### Source material
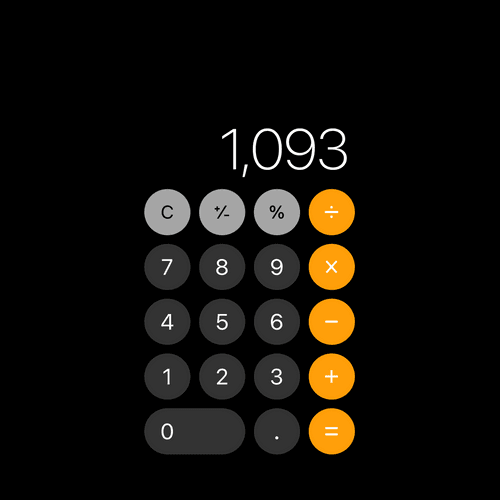 Holy Primes #0183 1093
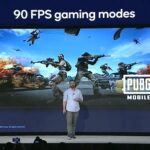 Gokil! Game PUBG Mobile Kini Tembus Framerate 90 FPS pubg mobile framerate 90 fps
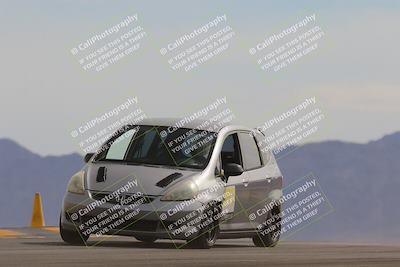 media/Mar-10-2023-Touge2Track (Fri) [[0d469e054a]]/Beginner Group/Session 5 (Turn 9)/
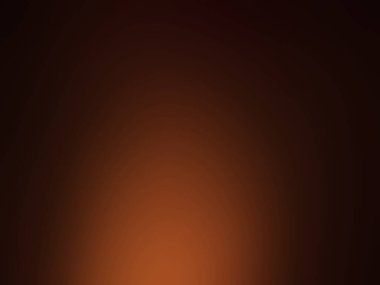 Soyut lüks eğimli kahverengi arkaplan pürüzsüz koyu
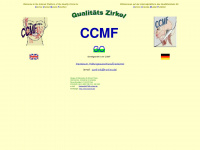 ccmf.de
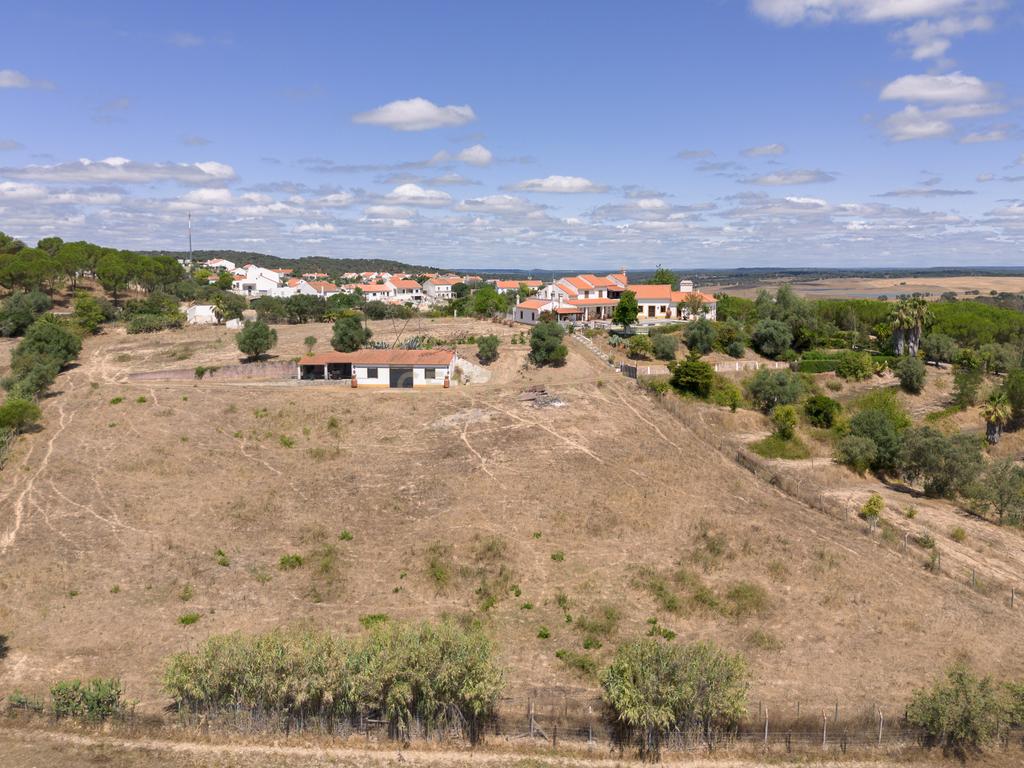 QUINTA EM MONTEMOR-O-NOVO - Image 14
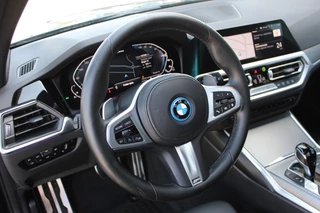 BMW 3 Serie – thumbnail 28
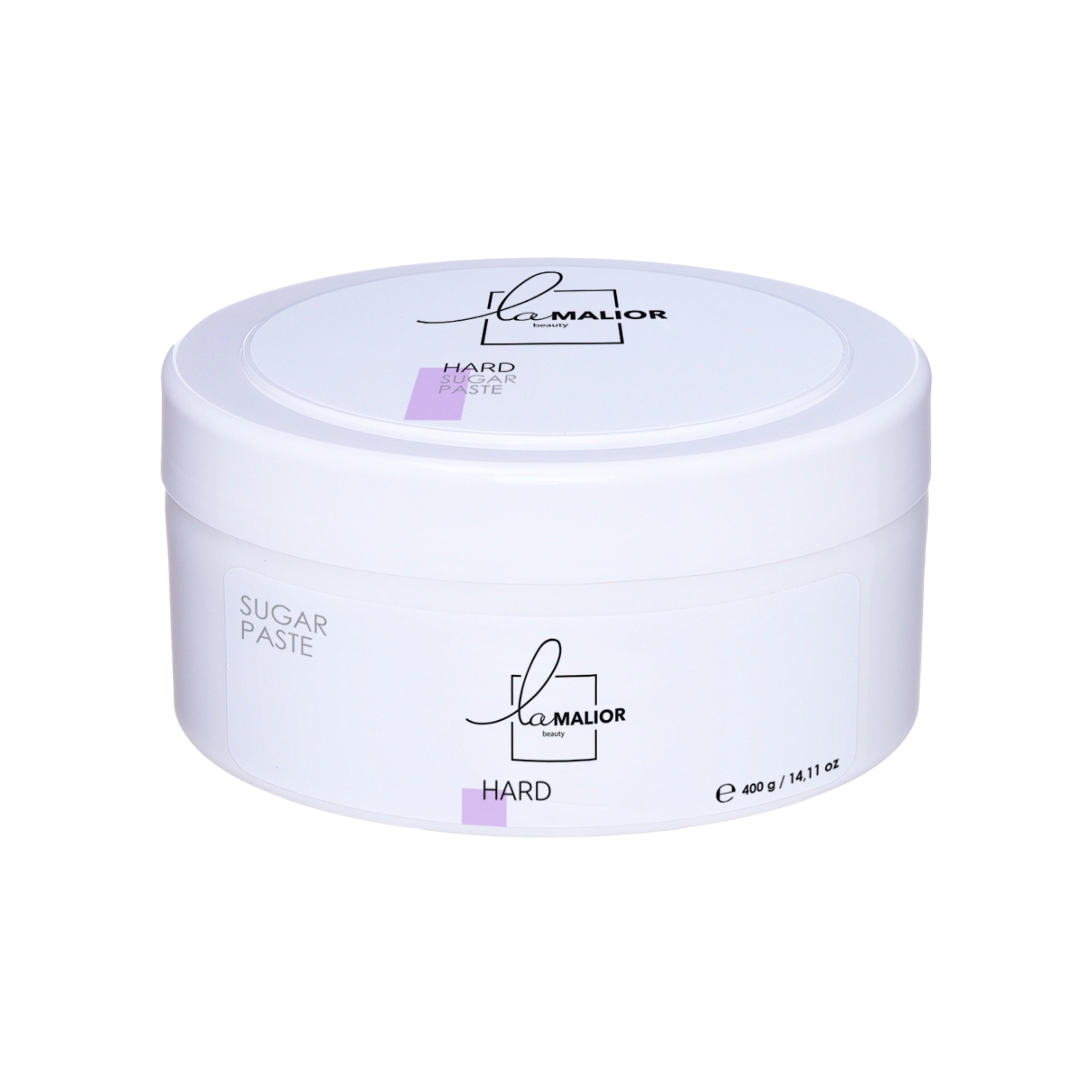 Zuckerpaste HARD Profi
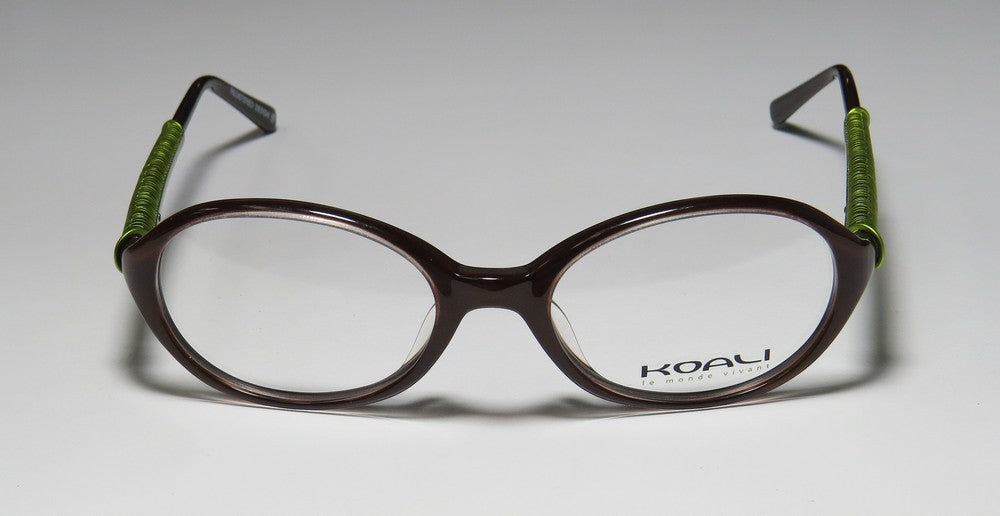 Koali 7066k Eyeglasses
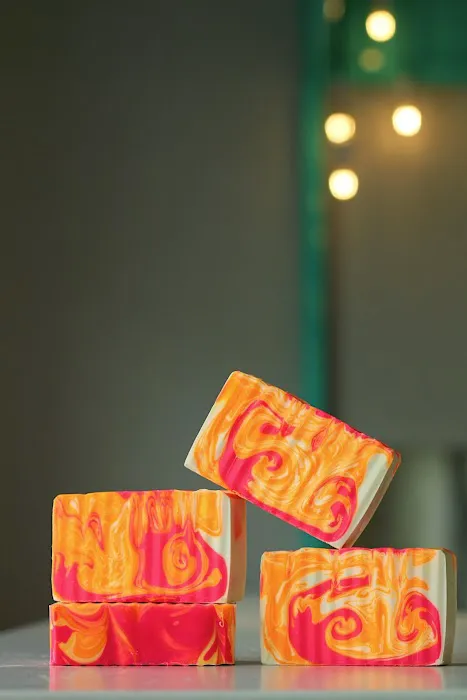 Buff City Soap - Winter Park 2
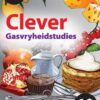 Clever Gasvryheidstudies Graad 10 Lb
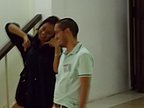 libres_curso_cap_121.jpg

### What you will do
Every line from the one containing "QUINTA EM MONTEMOR-O-NOVO - Image 14" through the last line of the data, both included, is to be repeated exactly; the pictures are to be left out.

### Finished task
 QUINTA EM MONTEMOR-O-NOVO - Image 14
 BMW 3 Serie – thumbnail 28
 Zuckerpaste HARD Profi
 Koali 7066k Eyeglasses
 Buff City Soap - Winter Park 2
 Clever Gasvryheidstudies Graad 10 Lb
 libres_curso_cap_121.jpg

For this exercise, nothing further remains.